She had told me about this place when we first moved in.  Her mother and father reside there, as does her grandmother-in-law, (who is 101 years old and still reads romance novels and loves it when the police come on motorcycles because she says the sound gets her “fired up!”  It’s no wonder she’s still alive and thriving!)

I have felt for some time that I wanted to volunteer somewhere where people are lonely and could use a hug and a smile.  I also was hoping that it could be somewhere that I could walk to, as I’m really trying to be available to the people in my immediate community – this community that has so graciously welcome me and my family with open arms and hearts.

So it made sense to ask Anne about volunteering at this nursing home.  She set up an appointment with the activities director (where they need volunteer help).  Before our appointment, she took me through the halls and introduced me to people, her family included, and showed me the ropes of this 139 bed facility.

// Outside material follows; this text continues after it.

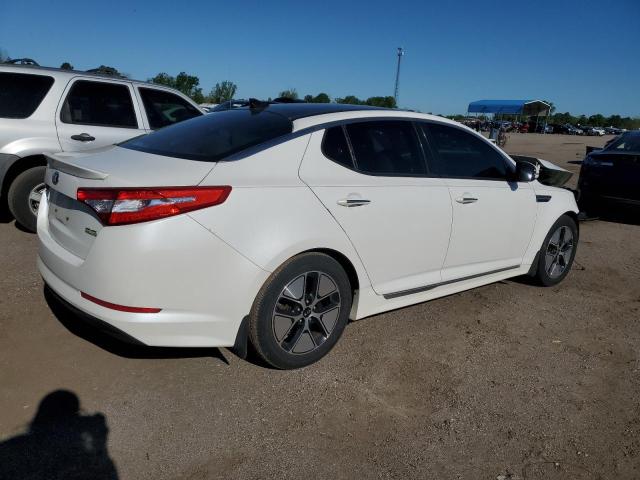 KNAGM4AD7C5031469 - 2012 KIA OPTIMA HYBRID WHITE photo 3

If there was ever any question as to if I should spend my time there or not, any trace of doubt was erased as I walked through the doors.  Hands reaching out for a squeeze.  Faces looking up for a smile.  Bent and broken bodies dependent on wheelchairs and walkers.  I smiled and said hello to one sad looking little grandma who was sitting alone.  When her eyes met mine and she realized I was talking directly to her, her face lit up and I saw a glimpse of what she must have looked like when she was five years old.  A sparkle came back into her eyes.  It was beautiful.  There are stories behind those eyes….

When Anne introduced me to her dad, who has Alzheimer’s, he sang “Take Me Out To The Ballgame”, missing a few words, but right on pitch.  Then he called me “doll” and asked me for a kiss.  I think I actually blushed 🙂  He had been a singer back in the day and though he doesn’t remember what happened five minutes ago, lyrics and tunes come back to him instantly.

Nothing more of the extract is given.